As previously noted here, Chávez had opposed negotiations in Costa Rica over the situation in Honduras, and they have thus far been unsuccessful. Only a few hours after President Arias announced the resumption of negotiations in Costa Rica on July 18, Zelaya openly called for insurrection -- not if the negotiations fail, but immediately.

Chávez had already pronounced the negotiations dead. Zelaya apparently agrees, and sees insurrection as his only hope for reinstatement as president. An offer by the interim president to step down, provided that Zelaya does not return, apparently did not sway him.

Zelaya addressed his supporters in Honduras on July 14, during a press conference with Guatemalan President Alvaro Colom. Zelaya said that insurrection is legitimate "when faced with a usurping government and a coup-supporting military. ... When the democratic order of a country is disrupted ... I want to tell you to not leave the streets, that is the only space that they have not taken from us."

Zelaya called for strikes, marches, takeovers, and civil disobedience. Although he did not expressly call for violence, the message was clear that he wants it, and more of it than his unsuccessful effort to return to Honduras following the "coup" produced. Martyrs are useful, and the more of them the better. Speaking earlier in Nicaragua, Zelaya had pledged he would pay "any cost" to reclaim his presidency. It has been reported, but not confirmed, that Zelaya may now be on his way back, and that people are infiltrating through Guatemala, El Salvador, and Nicaragua. Hundreds of pro-Zelaya protesters have begun blocking roads and a curfew has been imposed by the interim government. It seems likely, if the insurrection continues, that the costs will be high and that Zelaya will pay far less than his followers and other Hondurans.

The United States has a small military component in Honduras of about 550 U.S. military personnel and some 650 U.S. and Honduran civilians.
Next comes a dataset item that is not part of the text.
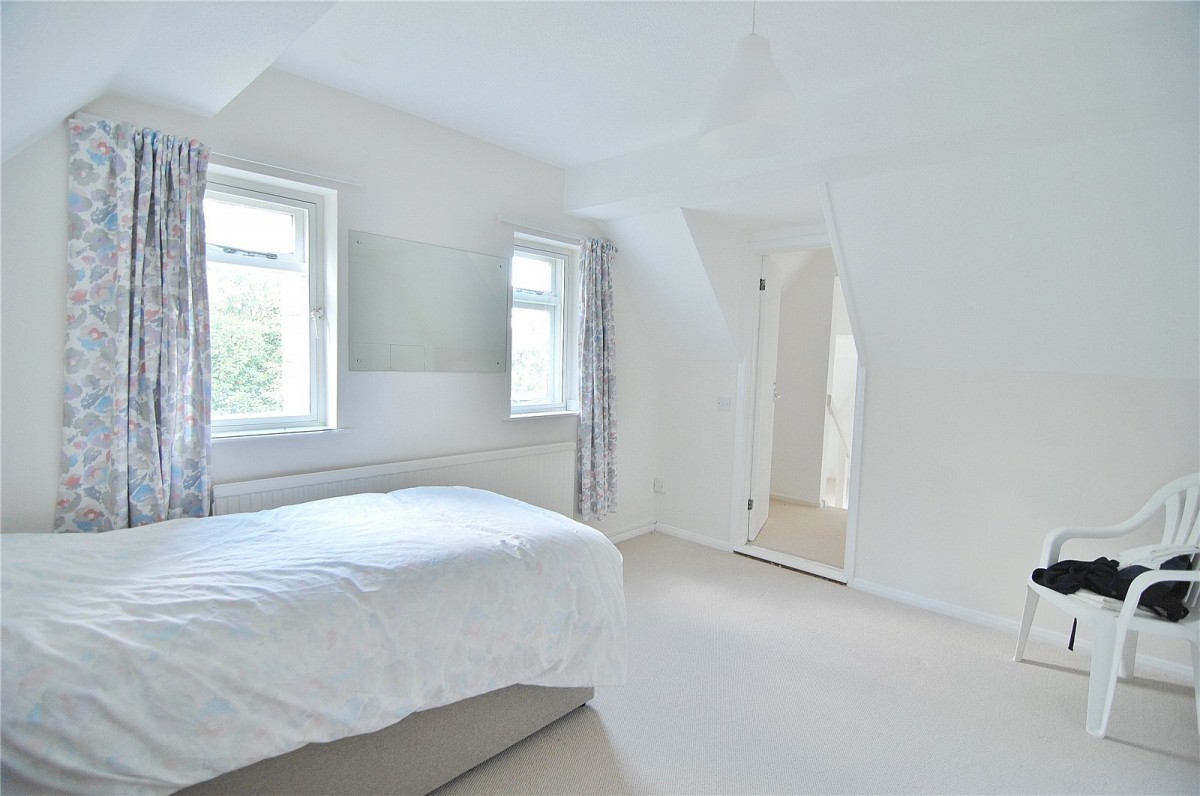 Stroud, Gloucestershire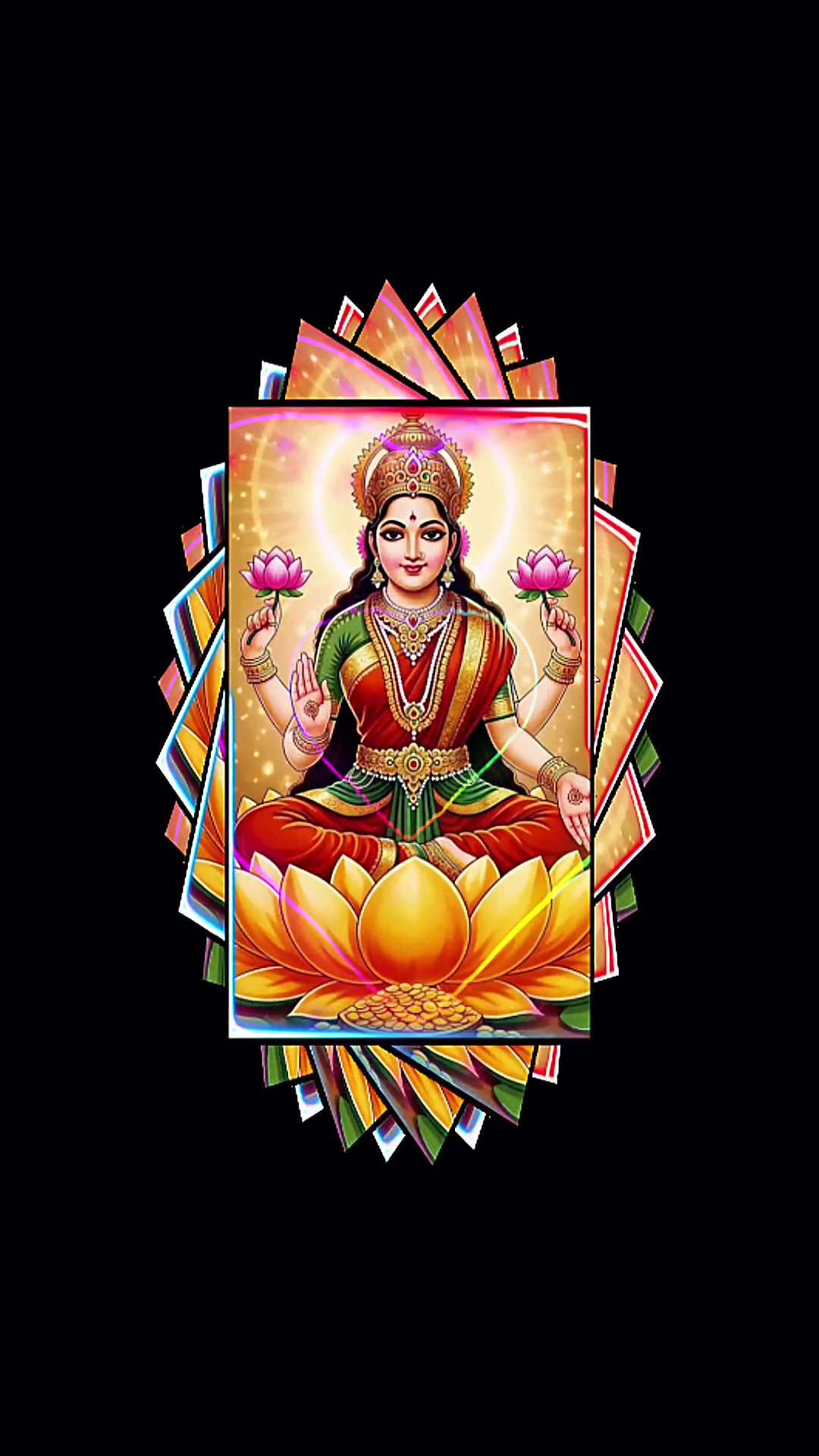 @Heera Soni Diamond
The military component has been claimed by Chávez to have been, in some unspecified way, involved in the recent "coup." In the event the violent insurrection threatened by Zelaya continues, the U.S. personnel would almost certainly come under attack by Zelaya's supporters.

Although Secretary of State Clinton was instrumental in facilitating the negotiations in Costa Rica, President Obama was four-square against the "not-legal coup" in Honduras from the beginning. By calling for insurrection even before the negotiations resume on July 18, Zelaya appears to have demonstrated that his participation lacked good faith -- he was never willing to accept any result other than reinstatement, and that is unlikely to happen. President Obama has been characteristically silent, insofar as public statements are concerned.

It has been suggested that there is a growing difference of opinion between Obama and Clinton. President Obama should, at least, now condemn Zelaya's recent call for violent insurrection -- an insurrection which Chávez's loyal ally, Ortega, might back even were Chávez himself not in the mood to do so.

Chávez has many other fish to fry, and they continue to pile up. Chávez will continue do whatever he thinks best for Chávez, in Honduras and elsewhere. His own "coup" against opposition leader Mayor Antonio Ledezma -- overwhelmingly elected in November as the mayor of Caracas -- was accomplished by installing a non-elected "super mayor" in his place and depriving the elected mayor of his offices and most of his budget. It seems to be failing, and that may have an impact on the Honduran situation.

José Miguel Insulza, secretary general of the OAS, finally agreed to meet with Ledezma after the situation in Honduras "settles down." Meetings have been announced for July 21 in Washington. This may mean that Insulza thinks Honduras will have cooled by that time, one way or another. Unless Zelaya goes forward with his threatened insurrection, apparently already underway, that might be possible. On the other hand, Insulza may foresee a prolonged and violent conflagration in Honduras, and may hope that it will give him a credible excuse not to meet with Mayor Ledezma; Chávez would like that.

To the extent that President Obama persists in coddling Chávez, Zelaya, et al, this seems more likely. Even a meeting with no substantive result would be awkward for Chávez. Should Chávez think that giving further help to Zelaya would enhance his own domestic and international power, he may try to provide it; otherwise, not.